MATERIALS PROVIDED:
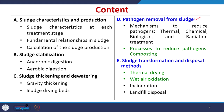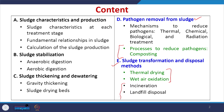Welcome everyone to this NPTEL online certification course on Biological Process Design for Wastewater Treatment. Today we will continue with the sludge management section, learning about pathogen removal from sludge. We will discuss processes to reduce pathogens via composting, and also start the section on sludge transformation and disposal methods, including thermal drying and wet air oxidation. Incineration and landfill will be covered in the next lecture.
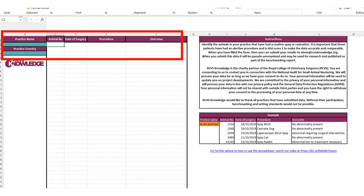You can choose from six different outcomes. There are loss to follow-ups — patients that just don't come back for a checkup — and no abnormalities, for patients that heal absolutely fine. There is also abnormal requiring no treatment, where the wound is healing abnormally but is self-resolving, abnormal requiring medical treatment or surgical intervention, and an option for if the patient passes away.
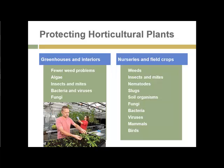Protecting horticultural plants — the practices vary substantially whether we're talking about greenhouse culture or nurseries and field crops. In greenhouses, there are generally fewer weed problems, but algae, insects and mites, bacteria, viruses, and fungi can take advantage of the controlled conditions and the concentration of one or a small number of plants to reproduce explosively and cause problems that can wipe out the production of a greenhouse.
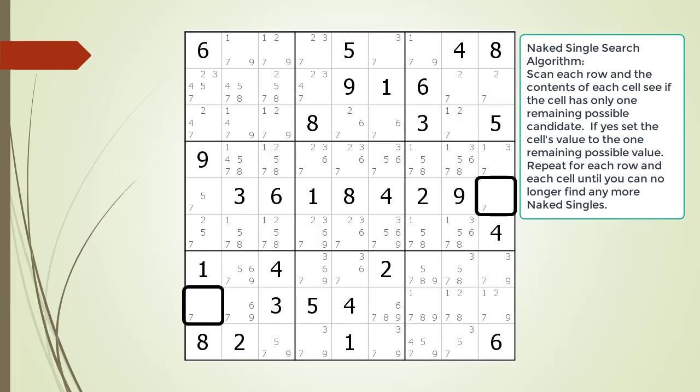After scanning each row and the contents of each cell, we found two cells having naked singles, which are now outlined in black. Again, a naked single is a cell having only one remaining possible candidate for the cell.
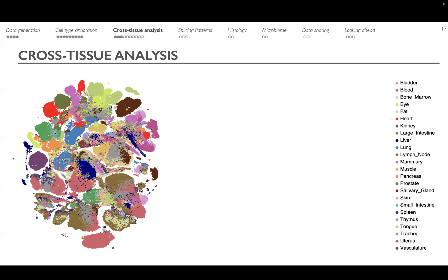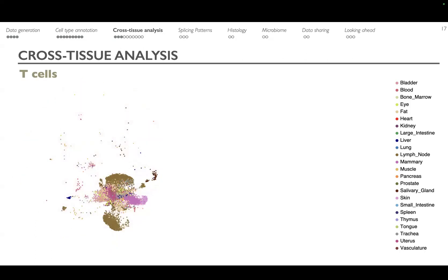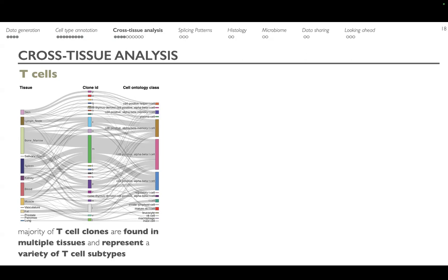Going back to the entire atlas, for T cells we can characterize lineage relationships between T cells by computationally assembling receptor sequences. We did this for TSP2, and multiple T cell lineages are distributed across various tissues in the body, but large clones often reside in multiple organs and are also shared across donors. These represent a variety of T cell subtypes that we can identify in the atlas.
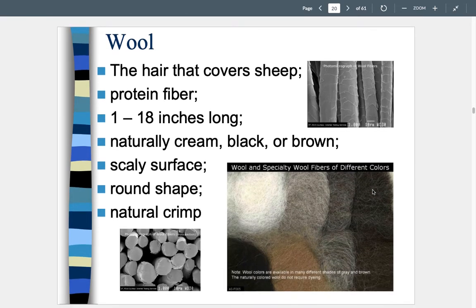Wool is the hair that covers sheep. It is a protein fiber because it's hair — think of your own hair, fingernails, and body as protein. Wool can be anywhere from one to eighteen inches long. It naturally comes in cream, black, or brown. Wool colors are available in many shades of gray and brown, which is advantageous — you wouldn't have to dye or bleach it.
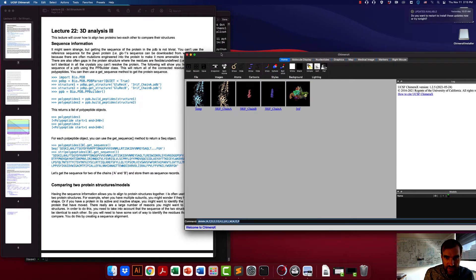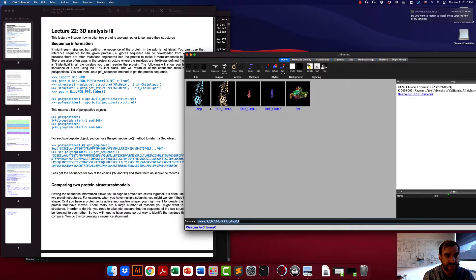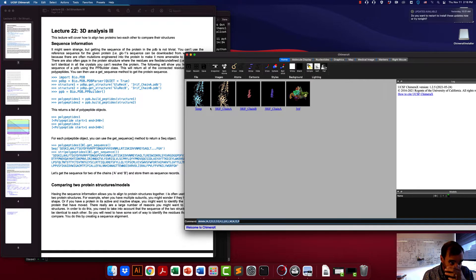For the final part of this, we are going to go over how to align two proteins to each other to compare their structures. You should feel comfortable using Chimera and BioPython in order to start to analyze proteins and find their positions. What we also want to be able to do is compare two proteins and compare how far apart a ligand is to a given amino acid. But let's say you wanted to compare two different structures together.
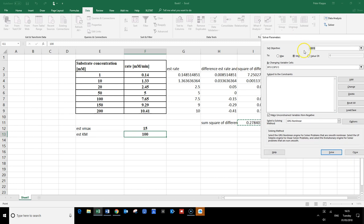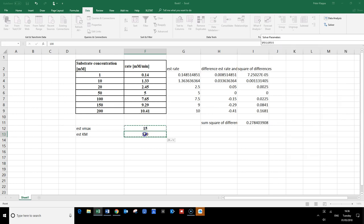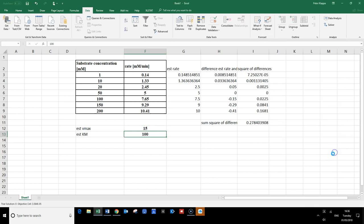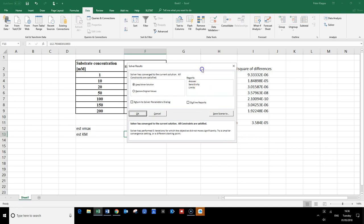In Solver, we set the objective: we want the cell containing the sum of squared differences set to a minimum. The cells to be changed are our estimated Vmax and Km. We set the objective cell to minimum, specify the changing cells, and we don't need to worry about constraints. Then we invoke Solver and wait for it to find a solution.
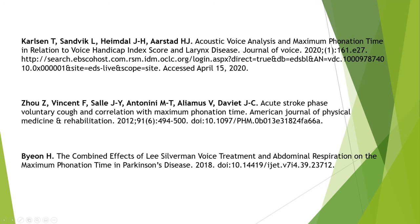Bayon shows that maximum phonation time can be used in Parkinson patients. Thank you for watching and we'll see you in the next one.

TASK TO CARRY OUT:
Give back the material exactly as written, images excluded.

RESULT:
Welcome everyone to this NPTEL online certification course on Biological Process Design for Wastewater Treatment. Today we will continue with the sludge management section, learning about pathogen removal from sludge. We will discuss processes to reduce pathogens via composting, and also start the section on sludge transformation and disposal methods, including thermal drying and wet air oxidation. Incineration and landfill will be covered in the next lecture.
You can choose from six different outcomes. There are loss to follow-ups — patients that just don't come back for a checkup — and no abnormalities, for patients that heal absolutely fine. There is also abnormal requiring no treatment, where the wound is healing abnormally but is self-resolving, abnormal requiring medical treatment or surgical intervention, and an option for if the patient passes away.
Protecting horticultural plants — the practices vary substantially whether we're talking about greenhouse culture or nurseries and field crops. In greenhouses, there are generally fewer weed problems, but algae, insects and mites, bacteria, viruses, and fungi can take advantage of the controlled conditions and the concentration of one or a small number of plants to reproduce explosively and cause problems that can wipe out the production of a greenhouse.
After scanning each row and the contents of each cell, we found two cells having naked singles, which are now outlined in black. Again, a naked single is a cell having only one remaining possible candidate for the cell.
Going back to the entire atlas, for T cells we can characterize lineage relationships between T cells by computationally assembling receptor sequences. We did this for TSP2, and multiple T cell lineages are distributed across various tissues in the body, but large clones often reside in multiple organs and are also shared across donors. These represent a variety of T cell subtypes that we can identify in the atlas.
Wool is the hair that covers sheep. It is a protein fiber because it's hair — think of your own hair, fingernails, and body as protein. Wool can be anywhere from one to eighteen inches long. It naturally comes in cream, black, or brown. Wool colors are available in many shades of gray and brown, which is advantageous — you wouldn't have to dye or bleach it.
For the final part of this, we are going to go over how to align two proteins to each other to compare their structures. You should feel comfortable using Chimera and BioPython in order to start to analyze proteins and find their positions. What we also want to be able to do is compare two proteins and compare how far apart a ligand is to a given amino acid. But let's say you wanted to compare two different structures together.
In Solver, we set the objective: we want the cell containing the sum of squared differences set to a minimum. The cells to be changed are our estimated Vmax and Km. We set the objective cell to minimum, specify the changing cells, and we don't need to worry about constraints. Then we invoke Solver and wait for it to find a solution.
Bayon shows that maximum phonation time can be used in Parkinson patients. Thank you for watching and we'll see you in the next one.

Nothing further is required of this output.